Task instructions ▸ A word-for-word copy of the entries, with the images left out, is what you should write.

Provided material ▸

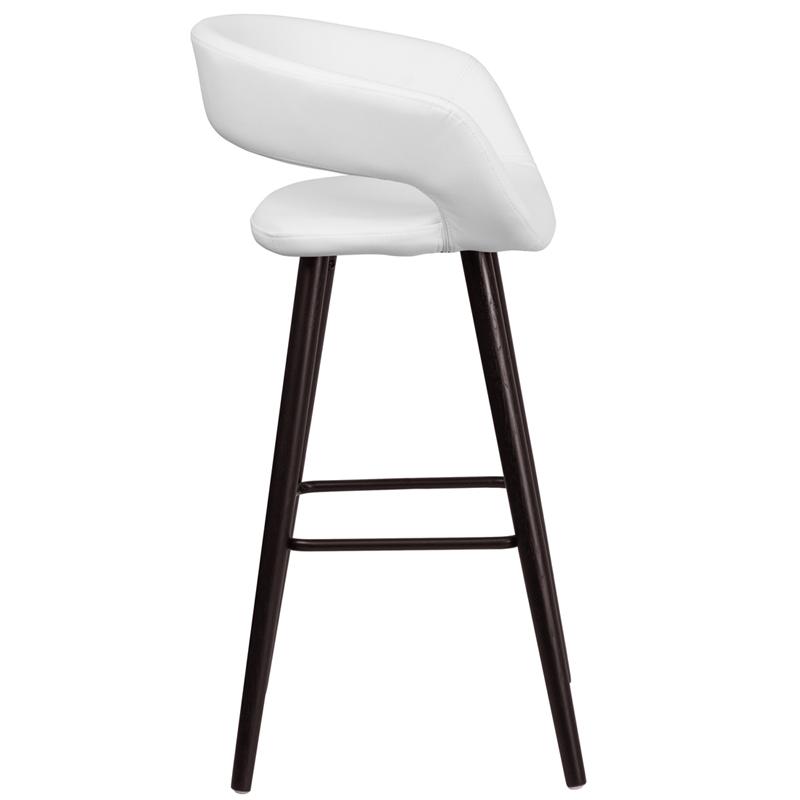 Brynn Series 29'' High Contemporary Cappuccino Wood Barstool in White Vinyl. Picture 2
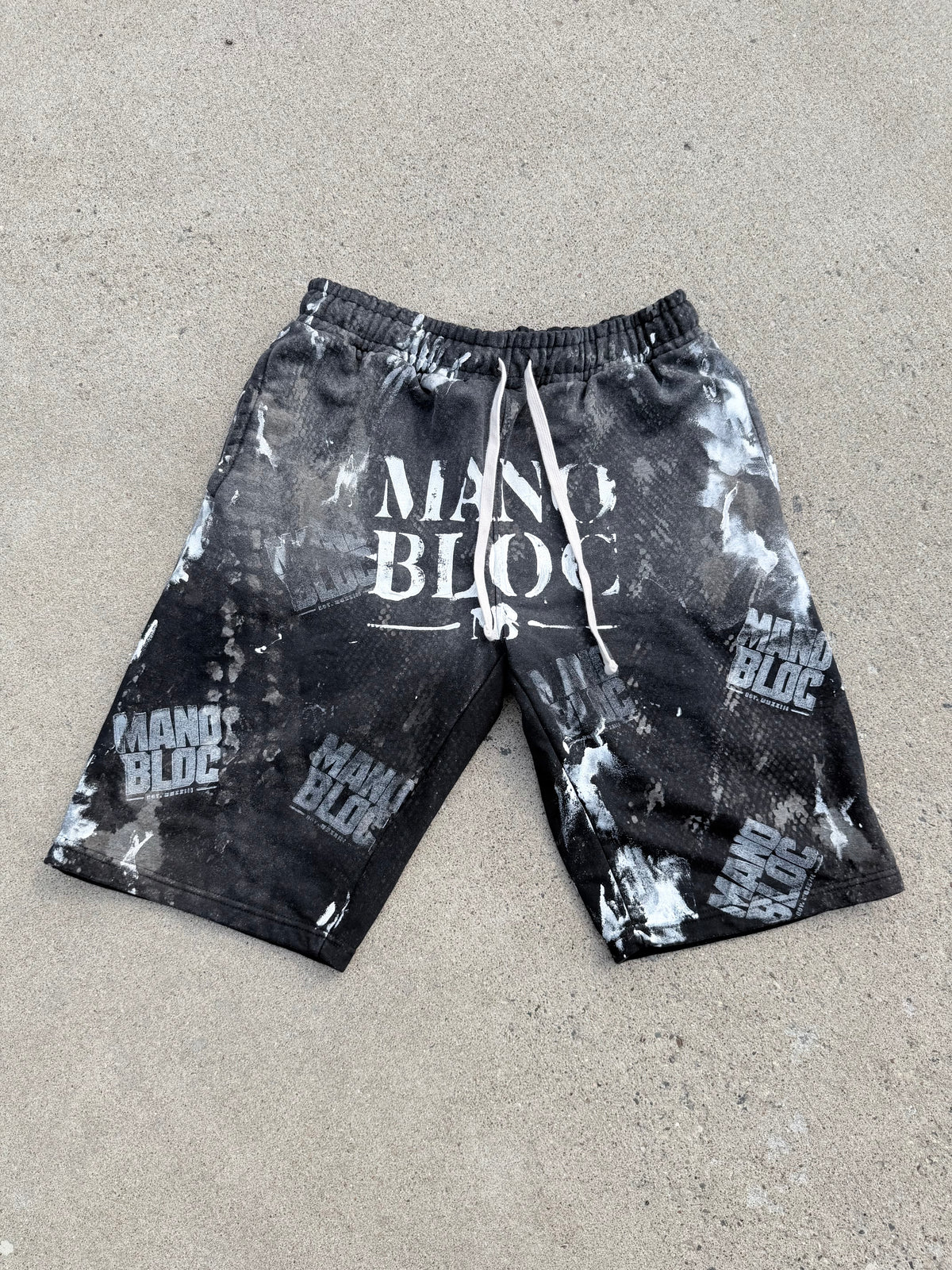 BLack, Bleach & Paint Custom Oversized Shorts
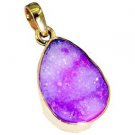 Riyogems Druzy Drusy Gold Plated India Leaf And Tree Pendant L 1.5in Gppdru-2402
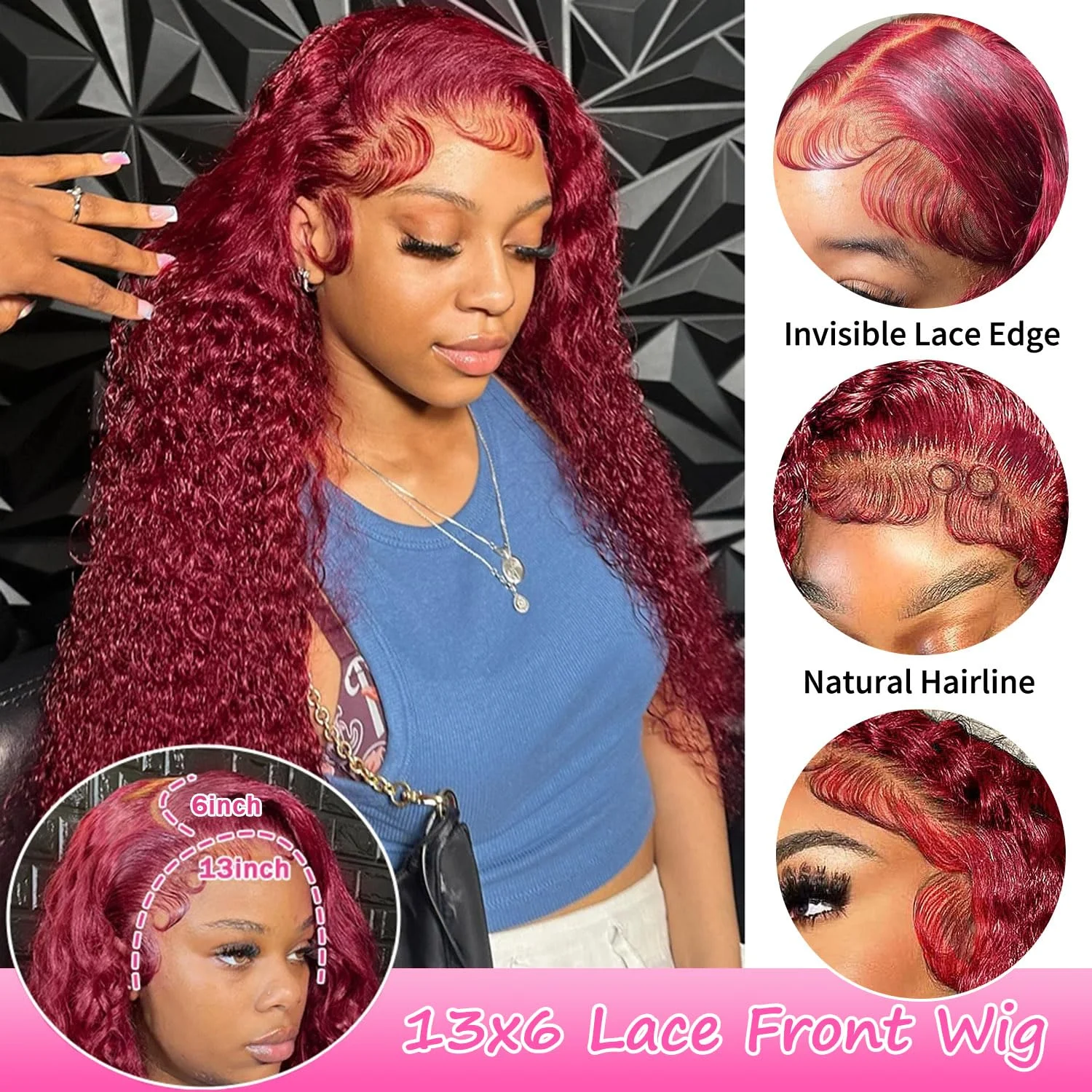 HD Transparent Lace 99J Deep Wave Lace Frontal Wig 200 Density 13x4 13x6 Full Frontal Lace Wigs Burgundy Colored Human Hair Wig
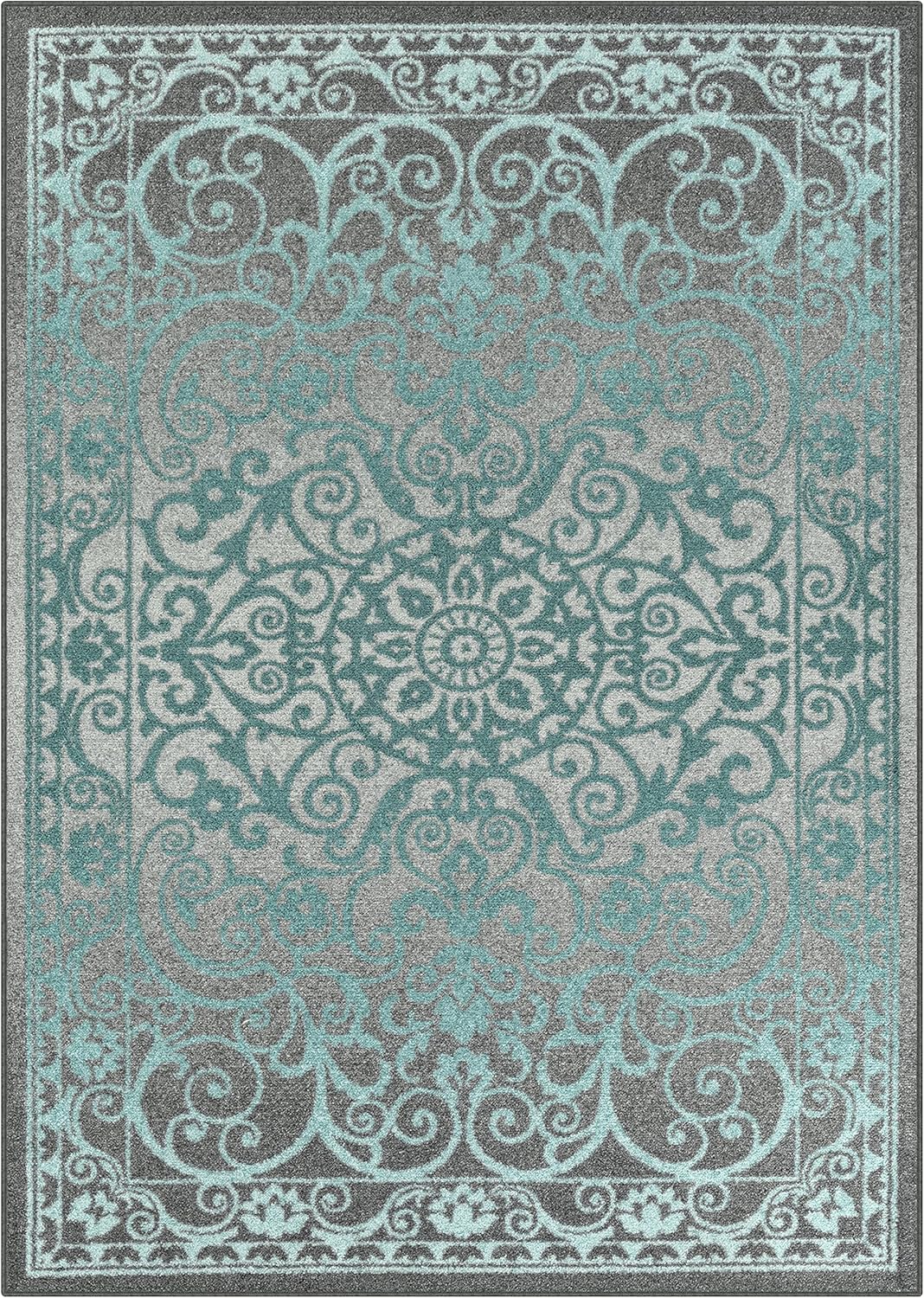 Maples Rugs Area Rug - Pelham 5 x 7 Large Area Rugs [Made in USA] for Living Room, Bedroom, and Dining Room, Grey Blue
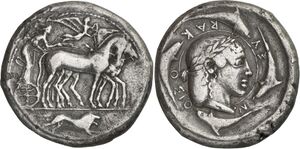 AC 89 - Syracuse, silver, decadrachms (466-465 BCE).jpg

Finished exercise ▸
 Brynn Series 29'' High Contemporary Cappuccino Wood Barstool in White Vinyl. Picture 2
 BLack, Bleach & Paint Custom Oversized Shorts
 Riyogems Druzy Drusy Gold Plated India Leaf And Tree Pendant L 1.5in Gppdru-2402
 HD Transparent Lace 99J Deep Wave Lace Frontal Wig 200 Density 13x4 13x6 Full Frontal Lace Wigs Burgundy Colored Human Hair Wig
 Maples Rugs Area Rug - Pelham 5 x 7 Large Area Rugs [Made in USA] for Living Room, Bedroom, and Dining Room, Grey Blue
 AC 89 - Syracuse, silver, decadrachms (466-465 BCE).jpg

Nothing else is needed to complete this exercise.